Work to be completed
Begin with the line that contains "Aelfric Eden Zip" and transcribe each line after it, up to and including the last line of the listing below.

===== Extracted entries =====

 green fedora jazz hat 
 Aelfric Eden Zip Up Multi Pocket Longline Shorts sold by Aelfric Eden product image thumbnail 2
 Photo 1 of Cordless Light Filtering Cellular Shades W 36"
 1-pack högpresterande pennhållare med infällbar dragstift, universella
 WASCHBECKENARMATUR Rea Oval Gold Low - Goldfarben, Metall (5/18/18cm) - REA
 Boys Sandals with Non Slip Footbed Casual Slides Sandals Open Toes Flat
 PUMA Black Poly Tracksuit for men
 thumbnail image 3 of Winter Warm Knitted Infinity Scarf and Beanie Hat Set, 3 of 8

=====

Written solution
 Aelfric Eden Zip Up Multi Pocket Longline Shorts sold by Aelfric Eden product image thumbnail 2
 Photo 1 of Cordless Light Filtering Cellular Shades W 36"
 1-pack högpresterande pennhållare med infällbar dragstift, universella
 WASCHBECKENARMATUR Rea Oval Gold Low - Goldfarben, Metall (5/18/18cm) - REA
 Boys Sandals with Non Slip Footbed Casual Slides Sandals Open Toes Flat
 PUMA Black Poly Tracksuit for men
 thumbnail image 3 of Winter Warm Knitted Infinity Scarf and Beanie Hat Set, 3 of 8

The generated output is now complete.